Task brief: Lines to restate from the data below: from the one containing "Bold Elements Filigree" to the one containing "Lantern (Set of", both included. Give them again exactly, and only them.

[Data excerpts]
════
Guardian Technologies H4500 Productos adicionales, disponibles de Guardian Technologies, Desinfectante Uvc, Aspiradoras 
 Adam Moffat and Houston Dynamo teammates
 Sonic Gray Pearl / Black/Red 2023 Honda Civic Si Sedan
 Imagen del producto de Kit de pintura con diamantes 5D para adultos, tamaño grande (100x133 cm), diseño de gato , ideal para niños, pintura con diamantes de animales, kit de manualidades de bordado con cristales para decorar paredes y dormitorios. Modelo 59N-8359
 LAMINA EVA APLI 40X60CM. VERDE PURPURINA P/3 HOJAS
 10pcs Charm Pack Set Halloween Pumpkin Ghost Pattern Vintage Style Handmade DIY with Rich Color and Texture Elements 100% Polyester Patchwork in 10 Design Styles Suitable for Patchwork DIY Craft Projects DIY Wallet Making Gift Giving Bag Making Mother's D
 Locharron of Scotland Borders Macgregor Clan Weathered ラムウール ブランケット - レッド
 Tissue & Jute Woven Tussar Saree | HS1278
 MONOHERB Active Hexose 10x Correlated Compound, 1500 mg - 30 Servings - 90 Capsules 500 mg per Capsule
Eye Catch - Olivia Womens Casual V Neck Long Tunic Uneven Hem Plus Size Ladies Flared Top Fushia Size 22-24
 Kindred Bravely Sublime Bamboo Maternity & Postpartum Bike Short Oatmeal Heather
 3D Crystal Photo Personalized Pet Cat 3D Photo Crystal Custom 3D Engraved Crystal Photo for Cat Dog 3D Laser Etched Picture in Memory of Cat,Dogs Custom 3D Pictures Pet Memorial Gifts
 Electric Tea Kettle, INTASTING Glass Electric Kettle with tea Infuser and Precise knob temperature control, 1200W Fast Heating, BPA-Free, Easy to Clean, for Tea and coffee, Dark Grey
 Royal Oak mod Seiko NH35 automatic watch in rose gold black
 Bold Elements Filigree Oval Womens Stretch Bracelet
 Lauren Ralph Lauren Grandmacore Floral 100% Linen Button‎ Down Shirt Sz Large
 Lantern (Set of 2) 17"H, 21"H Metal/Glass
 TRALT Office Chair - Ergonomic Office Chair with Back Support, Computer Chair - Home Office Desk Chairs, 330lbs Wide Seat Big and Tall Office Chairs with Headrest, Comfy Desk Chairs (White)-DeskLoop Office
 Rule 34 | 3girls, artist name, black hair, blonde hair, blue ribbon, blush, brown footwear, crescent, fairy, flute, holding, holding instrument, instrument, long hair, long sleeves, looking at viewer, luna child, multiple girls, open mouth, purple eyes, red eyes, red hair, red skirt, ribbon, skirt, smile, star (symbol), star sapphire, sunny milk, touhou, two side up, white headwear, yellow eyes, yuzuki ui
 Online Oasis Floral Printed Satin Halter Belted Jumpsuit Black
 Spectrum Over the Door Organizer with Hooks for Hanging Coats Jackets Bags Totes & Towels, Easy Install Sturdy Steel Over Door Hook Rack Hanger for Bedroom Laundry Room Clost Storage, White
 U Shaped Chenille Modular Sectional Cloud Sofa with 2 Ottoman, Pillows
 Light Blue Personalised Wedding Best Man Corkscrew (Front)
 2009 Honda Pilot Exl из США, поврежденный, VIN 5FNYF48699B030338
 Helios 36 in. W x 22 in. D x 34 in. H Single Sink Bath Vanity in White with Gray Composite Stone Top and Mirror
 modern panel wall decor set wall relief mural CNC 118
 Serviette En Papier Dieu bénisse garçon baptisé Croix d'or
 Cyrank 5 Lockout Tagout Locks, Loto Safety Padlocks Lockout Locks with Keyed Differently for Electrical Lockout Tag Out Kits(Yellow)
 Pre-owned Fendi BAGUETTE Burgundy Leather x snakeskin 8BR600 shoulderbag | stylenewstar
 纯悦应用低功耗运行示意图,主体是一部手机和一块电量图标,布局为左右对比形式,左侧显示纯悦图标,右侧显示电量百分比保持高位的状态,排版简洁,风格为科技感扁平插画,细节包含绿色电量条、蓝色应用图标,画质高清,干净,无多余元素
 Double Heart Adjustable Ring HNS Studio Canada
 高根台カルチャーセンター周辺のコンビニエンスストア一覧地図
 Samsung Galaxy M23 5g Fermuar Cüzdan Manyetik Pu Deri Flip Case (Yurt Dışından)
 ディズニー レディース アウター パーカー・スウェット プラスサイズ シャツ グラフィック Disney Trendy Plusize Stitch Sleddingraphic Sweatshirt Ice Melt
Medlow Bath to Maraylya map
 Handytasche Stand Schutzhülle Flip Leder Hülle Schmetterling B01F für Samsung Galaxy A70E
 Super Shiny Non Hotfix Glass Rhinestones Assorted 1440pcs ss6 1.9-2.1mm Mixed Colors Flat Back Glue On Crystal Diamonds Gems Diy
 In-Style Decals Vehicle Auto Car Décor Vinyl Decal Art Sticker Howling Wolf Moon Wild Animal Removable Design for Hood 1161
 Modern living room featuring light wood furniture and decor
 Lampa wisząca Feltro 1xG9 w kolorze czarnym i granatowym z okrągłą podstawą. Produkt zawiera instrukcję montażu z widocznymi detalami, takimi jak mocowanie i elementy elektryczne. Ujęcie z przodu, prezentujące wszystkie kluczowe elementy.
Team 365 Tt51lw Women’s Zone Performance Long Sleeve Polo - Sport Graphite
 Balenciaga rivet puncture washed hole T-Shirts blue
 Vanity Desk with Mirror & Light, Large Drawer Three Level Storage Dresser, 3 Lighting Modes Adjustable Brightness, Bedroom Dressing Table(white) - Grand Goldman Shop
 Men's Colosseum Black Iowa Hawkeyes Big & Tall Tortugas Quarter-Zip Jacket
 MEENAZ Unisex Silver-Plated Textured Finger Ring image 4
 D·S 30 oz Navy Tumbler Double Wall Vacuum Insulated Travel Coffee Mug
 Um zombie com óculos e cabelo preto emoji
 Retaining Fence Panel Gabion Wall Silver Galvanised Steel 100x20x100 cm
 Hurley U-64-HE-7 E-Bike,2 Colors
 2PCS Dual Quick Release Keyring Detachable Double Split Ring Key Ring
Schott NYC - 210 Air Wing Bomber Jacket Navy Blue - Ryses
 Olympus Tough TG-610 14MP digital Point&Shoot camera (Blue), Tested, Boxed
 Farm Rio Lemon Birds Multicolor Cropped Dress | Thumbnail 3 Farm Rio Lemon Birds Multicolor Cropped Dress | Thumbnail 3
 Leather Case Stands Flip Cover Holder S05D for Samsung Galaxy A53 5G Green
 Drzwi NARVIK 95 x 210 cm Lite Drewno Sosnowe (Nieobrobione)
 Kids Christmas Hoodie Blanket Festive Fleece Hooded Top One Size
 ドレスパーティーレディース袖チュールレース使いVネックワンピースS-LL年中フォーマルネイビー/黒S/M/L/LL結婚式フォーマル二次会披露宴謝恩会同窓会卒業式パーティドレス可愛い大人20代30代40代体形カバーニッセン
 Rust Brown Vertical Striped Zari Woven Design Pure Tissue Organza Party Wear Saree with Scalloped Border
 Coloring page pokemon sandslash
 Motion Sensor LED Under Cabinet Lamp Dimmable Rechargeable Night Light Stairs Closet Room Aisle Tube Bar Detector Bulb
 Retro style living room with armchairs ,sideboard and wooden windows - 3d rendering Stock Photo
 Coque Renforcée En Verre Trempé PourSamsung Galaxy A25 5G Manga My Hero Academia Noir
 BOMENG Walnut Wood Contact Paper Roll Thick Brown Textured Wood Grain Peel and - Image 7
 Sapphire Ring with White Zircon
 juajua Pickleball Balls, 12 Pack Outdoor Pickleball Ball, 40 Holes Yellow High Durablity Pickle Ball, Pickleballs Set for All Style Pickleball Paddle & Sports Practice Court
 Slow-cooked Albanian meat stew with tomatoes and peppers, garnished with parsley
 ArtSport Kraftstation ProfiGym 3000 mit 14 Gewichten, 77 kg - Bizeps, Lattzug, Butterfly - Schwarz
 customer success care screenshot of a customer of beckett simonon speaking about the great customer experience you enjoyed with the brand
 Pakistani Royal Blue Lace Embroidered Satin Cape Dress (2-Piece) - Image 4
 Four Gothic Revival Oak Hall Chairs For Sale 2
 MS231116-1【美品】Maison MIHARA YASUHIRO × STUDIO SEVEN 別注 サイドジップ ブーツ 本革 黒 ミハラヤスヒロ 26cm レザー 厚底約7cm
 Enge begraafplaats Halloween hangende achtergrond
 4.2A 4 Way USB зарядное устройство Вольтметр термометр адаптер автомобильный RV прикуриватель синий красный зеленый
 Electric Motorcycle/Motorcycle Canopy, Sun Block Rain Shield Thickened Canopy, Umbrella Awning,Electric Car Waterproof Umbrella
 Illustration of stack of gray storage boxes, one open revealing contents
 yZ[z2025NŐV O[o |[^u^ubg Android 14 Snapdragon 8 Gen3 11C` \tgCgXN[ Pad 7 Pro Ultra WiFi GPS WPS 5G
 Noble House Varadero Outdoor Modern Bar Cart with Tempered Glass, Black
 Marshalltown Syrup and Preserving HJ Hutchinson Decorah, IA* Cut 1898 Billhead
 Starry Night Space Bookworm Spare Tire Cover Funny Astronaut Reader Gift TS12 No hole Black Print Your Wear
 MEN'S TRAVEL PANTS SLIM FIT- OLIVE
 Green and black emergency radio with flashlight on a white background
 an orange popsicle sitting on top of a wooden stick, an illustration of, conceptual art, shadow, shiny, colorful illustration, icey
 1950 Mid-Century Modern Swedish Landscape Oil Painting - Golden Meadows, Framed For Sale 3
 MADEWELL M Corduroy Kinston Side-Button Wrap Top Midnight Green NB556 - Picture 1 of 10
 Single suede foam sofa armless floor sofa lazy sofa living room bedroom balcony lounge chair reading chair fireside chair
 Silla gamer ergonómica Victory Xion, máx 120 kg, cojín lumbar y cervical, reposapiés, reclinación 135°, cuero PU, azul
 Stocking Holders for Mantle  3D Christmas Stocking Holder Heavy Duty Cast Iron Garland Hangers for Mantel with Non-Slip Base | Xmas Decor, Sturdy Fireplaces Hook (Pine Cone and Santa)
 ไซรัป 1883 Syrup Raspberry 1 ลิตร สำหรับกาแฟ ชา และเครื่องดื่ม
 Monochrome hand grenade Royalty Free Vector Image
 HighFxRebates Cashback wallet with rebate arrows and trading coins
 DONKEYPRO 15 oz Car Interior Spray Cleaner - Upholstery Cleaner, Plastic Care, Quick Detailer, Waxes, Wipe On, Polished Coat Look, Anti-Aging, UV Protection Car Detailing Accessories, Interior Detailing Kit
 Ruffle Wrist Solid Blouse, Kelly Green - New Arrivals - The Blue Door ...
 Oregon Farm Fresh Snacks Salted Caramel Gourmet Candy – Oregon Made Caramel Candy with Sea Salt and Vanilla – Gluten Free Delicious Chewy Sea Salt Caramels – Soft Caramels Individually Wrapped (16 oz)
════
Answer below:
 Bold Elements Filigree Oval Womens Stretch Bracelet
 Lauren Ralph Lauren Grandmacore Floral 100% Linen Button‎ Down Shirt Sz Large
 Lantern (Set of 2) 17"H, 21"H Metal/Glass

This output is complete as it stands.